What is expected = Pick every line from the data that holds the word "background".

Available data =
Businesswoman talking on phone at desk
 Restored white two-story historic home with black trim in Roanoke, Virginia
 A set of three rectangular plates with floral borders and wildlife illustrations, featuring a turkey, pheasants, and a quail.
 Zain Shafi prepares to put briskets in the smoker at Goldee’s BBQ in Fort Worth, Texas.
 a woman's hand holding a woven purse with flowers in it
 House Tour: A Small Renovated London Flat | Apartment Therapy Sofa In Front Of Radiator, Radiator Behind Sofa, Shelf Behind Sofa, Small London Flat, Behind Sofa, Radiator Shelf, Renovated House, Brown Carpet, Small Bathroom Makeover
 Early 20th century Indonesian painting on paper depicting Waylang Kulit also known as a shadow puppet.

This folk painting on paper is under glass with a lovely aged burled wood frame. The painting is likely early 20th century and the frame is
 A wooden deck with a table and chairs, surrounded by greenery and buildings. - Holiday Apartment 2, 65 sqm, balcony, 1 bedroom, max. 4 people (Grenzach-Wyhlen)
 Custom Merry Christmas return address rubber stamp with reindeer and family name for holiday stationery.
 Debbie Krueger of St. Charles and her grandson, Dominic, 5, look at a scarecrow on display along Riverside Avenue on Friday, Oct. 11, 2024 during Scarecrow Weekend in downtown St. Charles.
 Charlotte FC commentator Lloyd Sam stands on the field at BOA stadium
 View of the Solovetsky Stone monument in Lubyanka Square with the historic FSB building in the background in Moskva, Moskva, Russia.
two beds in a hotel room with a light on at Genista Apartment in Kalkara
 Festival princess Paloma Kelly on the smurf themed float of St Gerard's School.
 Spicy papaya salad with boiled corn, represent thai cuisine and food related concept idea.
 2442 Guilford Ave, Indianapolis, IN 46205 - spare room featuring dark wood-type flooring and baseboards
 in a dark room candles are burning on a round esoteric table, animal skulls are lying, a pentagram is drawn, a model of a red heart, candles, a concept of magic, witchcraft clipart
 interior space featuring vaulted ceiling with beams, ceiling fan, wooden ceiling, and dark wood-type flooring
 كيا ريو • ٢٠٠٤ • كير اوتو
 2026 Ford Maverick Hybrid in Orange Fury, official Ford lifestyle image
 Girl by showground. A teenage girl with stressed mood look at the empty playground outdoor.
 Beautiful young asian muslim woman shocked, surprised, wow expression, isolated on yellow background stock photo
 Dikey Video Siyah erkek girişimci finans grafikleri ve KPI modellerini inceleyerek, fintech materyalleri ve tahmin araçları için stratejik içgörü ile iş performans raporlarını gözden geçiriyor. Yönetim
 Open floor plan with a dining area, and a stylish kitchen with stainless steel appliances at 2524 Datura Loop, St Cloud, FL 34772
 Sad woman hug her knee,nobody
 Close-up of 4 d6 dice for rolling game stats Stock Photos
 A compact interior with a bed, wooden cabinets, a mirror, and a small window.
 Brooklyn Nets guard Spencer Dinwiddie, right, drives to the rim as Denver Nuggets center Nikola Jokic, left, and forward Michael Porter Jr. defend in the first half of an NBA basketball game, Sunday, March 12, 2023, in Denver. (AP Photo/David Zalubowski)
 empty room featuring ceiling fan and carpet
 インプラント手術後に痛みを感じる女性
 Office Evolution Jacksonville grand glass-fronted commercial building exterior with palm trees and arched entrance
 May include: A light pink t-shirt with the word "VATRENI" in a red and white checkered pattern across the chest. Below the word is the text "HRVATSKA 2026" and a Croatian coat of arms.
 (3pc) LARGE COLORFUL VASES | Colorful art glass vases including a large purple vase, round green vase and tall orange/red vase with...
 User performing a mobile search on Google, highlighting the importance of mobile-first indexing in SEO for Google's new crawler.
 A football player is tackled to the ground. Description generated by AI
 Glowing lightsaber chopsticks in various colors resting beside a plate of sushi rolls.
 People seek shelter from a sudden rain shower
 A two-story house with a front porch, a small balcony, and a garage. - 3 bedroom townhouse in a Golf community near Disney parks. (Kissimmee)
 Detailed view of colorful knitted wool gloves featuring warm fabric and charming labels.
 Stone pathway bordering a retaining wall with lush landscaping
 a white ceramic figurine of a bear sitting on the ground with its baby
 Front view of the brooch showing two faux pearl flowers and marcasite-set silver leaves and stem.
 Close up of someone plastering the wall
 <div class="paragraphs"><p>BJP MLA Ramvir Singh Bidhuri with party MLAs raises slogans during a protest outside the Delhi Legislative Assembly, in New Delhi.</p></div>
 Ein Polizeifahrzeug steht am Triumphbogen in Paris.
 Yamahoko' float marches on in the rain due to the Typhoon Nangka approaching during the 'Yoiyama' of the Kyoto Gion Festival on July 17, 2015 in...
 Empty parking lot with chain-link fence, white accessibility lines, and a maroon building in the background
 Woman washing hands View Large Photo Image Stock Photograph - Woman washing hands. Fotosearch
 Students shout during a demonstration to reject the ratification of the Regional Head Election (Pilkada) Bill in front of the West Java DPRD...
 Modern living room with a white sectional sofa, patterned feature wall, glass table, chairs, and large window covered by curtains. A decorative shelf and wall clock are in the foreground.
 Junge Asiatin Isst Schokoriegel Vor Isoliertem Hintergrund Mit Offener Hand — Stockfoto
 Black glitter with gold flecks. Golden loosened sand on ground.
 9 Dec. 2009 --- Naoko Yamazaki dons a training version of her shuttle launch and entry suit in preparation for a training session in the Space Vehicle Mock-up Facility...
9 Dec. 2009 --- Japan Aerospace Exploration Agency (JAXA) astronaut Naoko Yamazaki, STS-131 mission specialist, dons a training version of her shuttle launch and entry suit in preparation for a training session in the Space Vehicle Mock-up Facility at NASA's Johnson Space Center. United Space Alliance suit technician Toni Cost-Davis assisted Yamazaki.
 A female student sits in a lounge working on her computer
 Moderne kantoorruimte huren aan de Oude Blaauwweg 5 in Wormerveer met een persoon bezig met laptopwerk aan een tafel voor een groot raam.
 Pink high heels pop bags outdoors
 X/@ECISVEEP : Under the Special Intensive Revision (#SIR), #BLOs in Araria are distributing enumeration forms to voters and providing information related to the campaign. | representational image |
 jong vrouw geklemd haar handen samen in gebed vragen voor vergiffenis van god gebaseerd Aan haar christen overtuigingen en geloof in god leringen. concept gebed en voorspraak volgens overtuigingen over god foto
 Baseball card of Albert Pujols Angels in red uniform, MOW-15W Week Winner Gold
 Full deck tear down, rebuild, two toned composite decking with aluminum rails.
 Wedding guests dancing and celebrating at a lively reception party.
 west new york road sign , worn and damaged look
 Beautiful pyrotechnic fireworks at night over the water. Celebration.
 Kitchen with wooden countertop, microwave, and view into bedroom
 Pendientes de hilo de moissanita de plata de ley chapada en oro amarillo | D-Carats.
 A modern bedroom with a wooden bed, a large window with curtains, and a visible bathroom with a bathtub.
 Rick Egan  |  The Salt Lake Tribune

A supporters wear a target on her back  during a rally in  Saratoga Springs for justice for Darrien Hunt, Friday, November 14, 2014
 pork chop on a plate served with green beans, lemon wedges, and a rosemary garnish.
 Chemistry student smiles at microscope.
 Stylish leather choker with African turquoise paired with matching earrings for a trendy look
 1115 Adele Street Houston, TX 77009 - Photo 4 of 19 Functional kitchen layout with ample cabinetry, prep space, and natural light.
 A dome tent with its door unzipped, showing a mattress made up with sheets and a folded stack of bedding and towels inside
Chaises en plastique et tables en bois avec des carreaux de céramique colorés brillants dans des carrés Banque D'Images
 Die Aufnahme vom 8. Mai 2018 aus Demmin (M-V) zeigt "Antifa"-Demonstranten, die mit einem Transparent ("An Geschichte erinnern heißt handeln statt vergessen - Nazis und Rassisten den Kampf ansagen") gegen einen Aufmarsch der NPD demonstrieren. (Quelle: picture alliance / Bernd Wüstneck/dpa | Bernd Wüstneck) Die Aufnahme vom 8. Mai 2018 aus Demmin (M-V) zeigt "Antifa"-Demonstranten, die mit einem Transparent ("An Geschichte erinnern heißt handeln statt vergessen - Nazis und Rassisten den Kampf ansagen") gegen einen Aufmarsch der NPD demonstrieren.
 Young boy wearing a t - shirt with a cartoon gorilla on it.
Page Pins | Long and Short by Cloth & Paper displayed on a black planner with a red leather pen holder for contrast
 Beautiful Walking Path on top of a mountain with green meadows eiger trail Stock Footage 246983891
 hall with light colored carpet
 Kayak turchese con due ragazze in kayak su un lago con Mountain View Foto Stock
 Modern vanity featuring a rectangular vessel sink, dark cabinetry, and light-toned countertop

Reply to the task =
 View of the Solovetsky Stone monument in Lubyanka Square with the historic FSB building in the background in Moskva, Moskva, Russia.
 Beautiful young asian muslim woman shocked, surprised, wow expression, isolated on yellow background stock photo
 Empty parking lot with chain-link fence, white accessibility lines, and a maroon building in the background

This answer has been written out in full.